If law enforcement agencies utilize the technology, it could go a long way in inspiring confidence and reducing fatalities and injuries, advocates said.
But police officers are wary.
“We hate change. We’ve been wearing blue uniforms as long as we can remember,” said Ken James, a retired police chief. “Officers will look at it and say: ‘This is a good idea, but make sure that it works.’”

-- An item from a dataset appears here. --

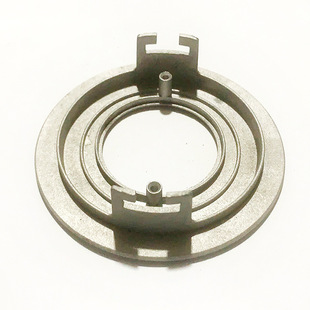 �����X�Ͻ����T�aƷ�ӹ� �X�Ͻ�aƷ���T�S ��D����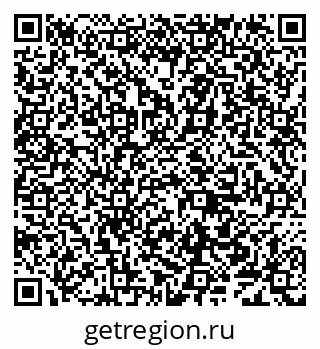 79638008292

For many years there was no demand for smart guns, said Jonathan Mossberg, CEO of iGun Technology Corporation. But with the explosion of smartphones and the increasing debates about gun safety, there has been a growing US market, entrepreneurs said.
“This is a billion-dollar market,” Mossberg said. “Frankly, I’m shocked that we haven’t been inundated with investors … I don’t know if the investors are afraid of the gun industry? Some of them are anti-gun to begin with.”
Even though firearm safety objectives are at the root of smart-gun manufacturing, some investors are reflexively hesitant to support the cause. “They don’t want to get involved in the firearm market,” said Kloepfer.
Many of the people who have supported his efforts to engineer a gun with a fingerprint sensor are not gun owners, he added. “They’re not people … who are ever going to buy a firearm, but at the same time they understand the potential that this has to save lives.”